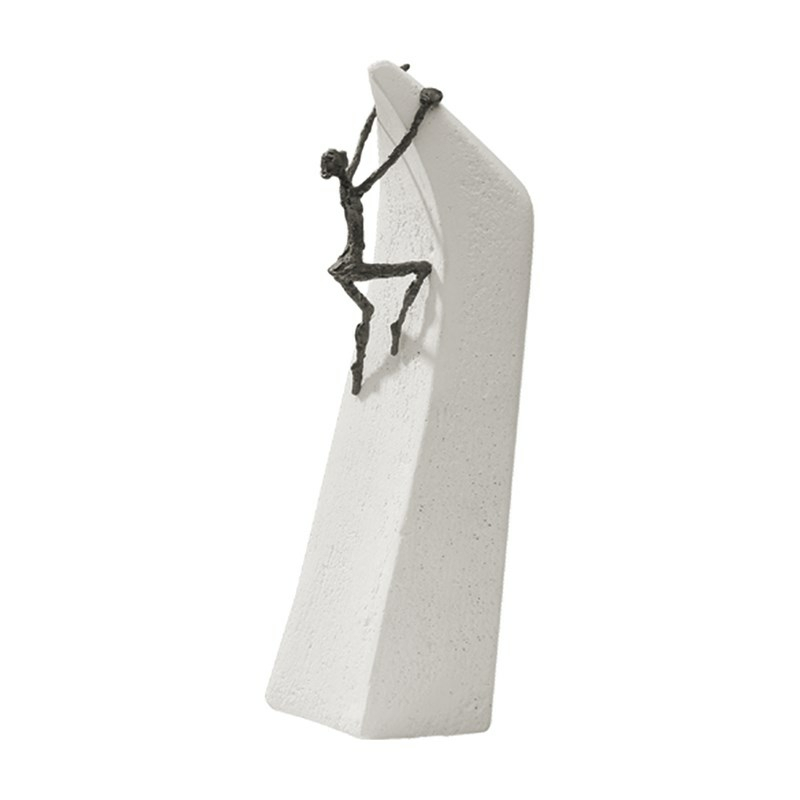 Billede af Bronzefigur Alt er Muligt på hvid sten, højde 30cm. Gaveide 1599,- kr. Jubilæumsgave eller receptionsgave.
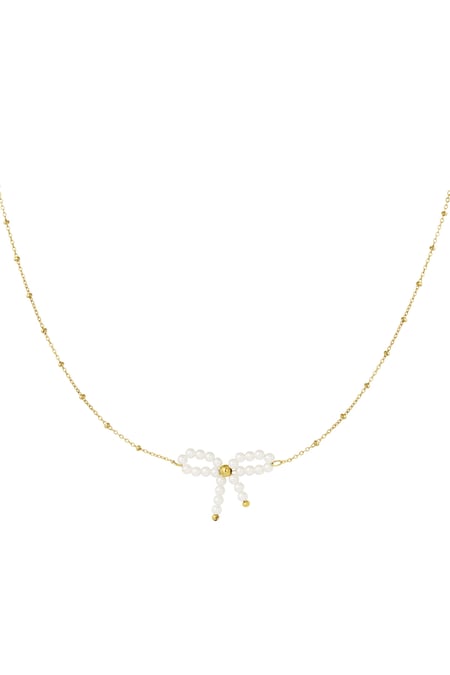 Pearl bow necklace - white Gold Color  2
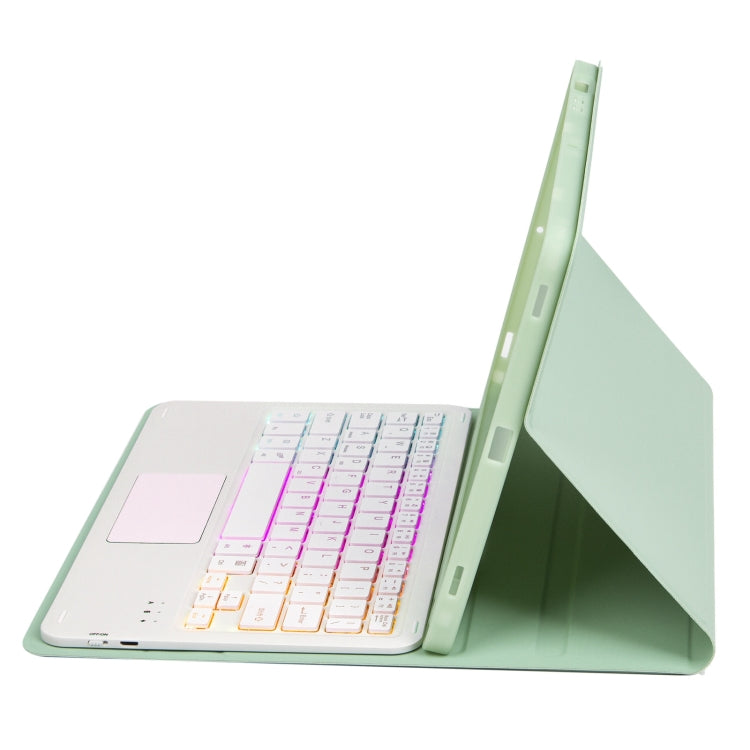 For Samsung Galaxy Tab S9 Candy Color Touch Backlight Bluetooth Keyboard Leather Tablet Case with Pen Holder(Light Green)
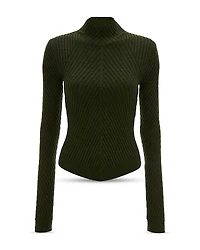 Victoria Beckham Merino Wool Ribbed Long Sleeve Top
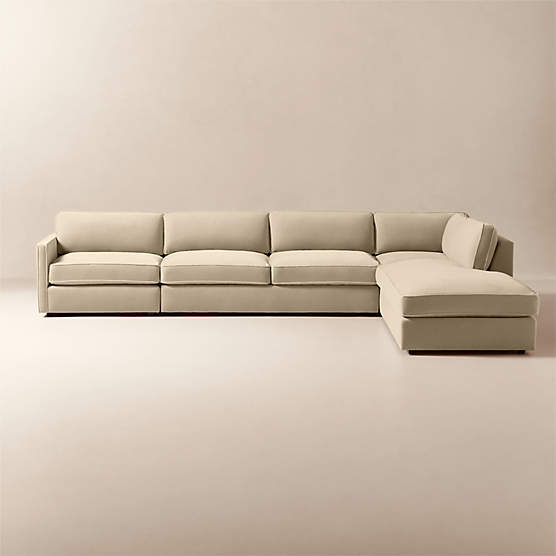 Winona 4-Piece Taupe Performance Velvet Sectional Sofa with Right-Arm Bumper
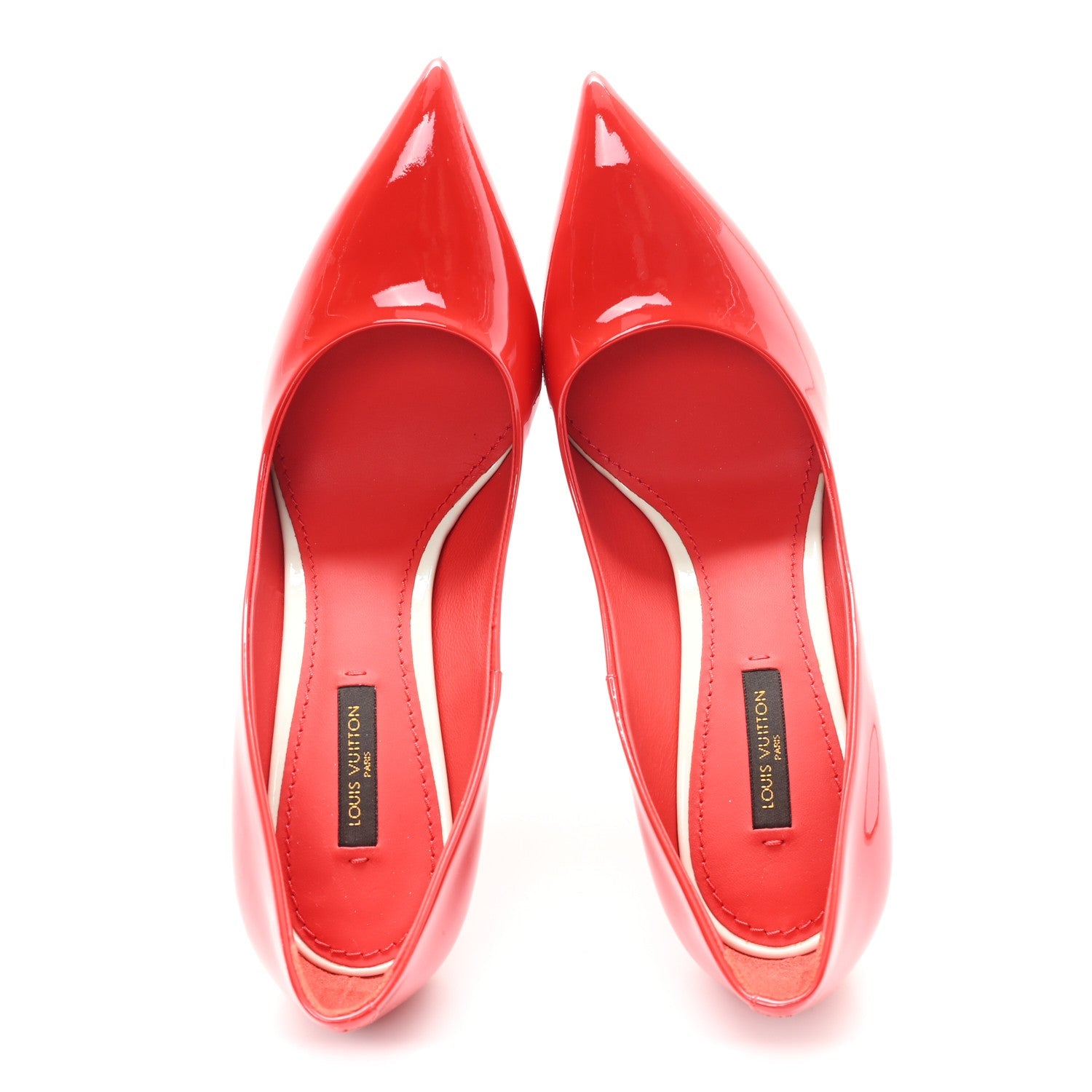 Patent Calfskin Eyeline Pumps 38 Rouge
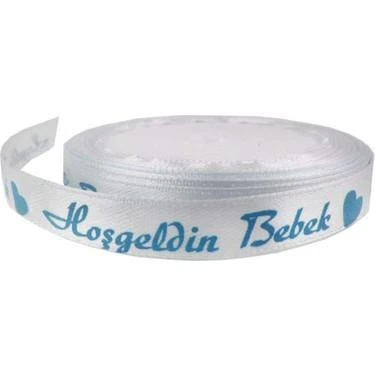 KURDELE SATEN 10 MT HOŞGELDİN BEBEK BEYAZ-MAVİ ürün görseli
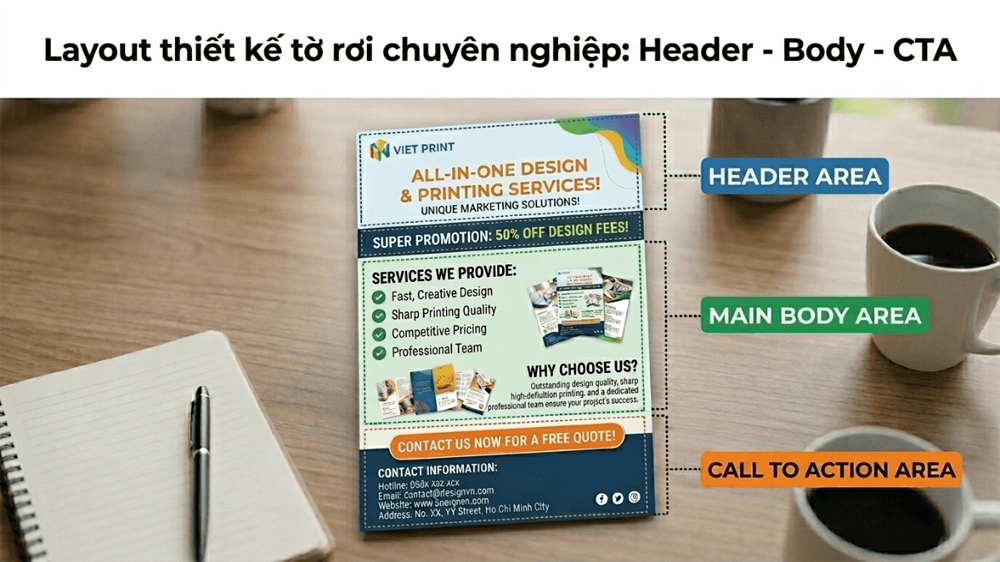 Phân Vùng Thiết Kế Tờ Rơi Chuyên Nghiệp: Header - Body - CTA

· · · · · · ·

◆ WHAT THE TASK ASKS: Without the pictures, reproduce every entry exactly as written.

◆ RESULT OF THE EXERCISE:
 Billede af Bronzefigur Alt er Muligt på hvid sten, højde 30cm. Gaveide 1599,- kr. Jubilæumsgave eller receptionsgave.
 Pearl bow necklace - white Gold Color  2
 For Samsung Galaxy Tab S9 Candy Color Touch Backlight Bluetooth Keyboard Leather Tablet Case with Pen Holder(Light Green)
 Victoria Beckham Merino Wool Ribbed Long Sleeve Top
 Winona 4-Piece Taupe Performance Velvet Sectional Sofa with Right-Arm Bumper
 Patent Calfskin Eyeline Pumps 38 Rouge
 KURDELE SATEN 10 MT HOŞGELDİN BEBEK BEYAZ-MAVİ ürün görseli
 Phân Vùng Thiết Kế Tờ Rơi Chuyên Nghiệp: Header - Body - CTA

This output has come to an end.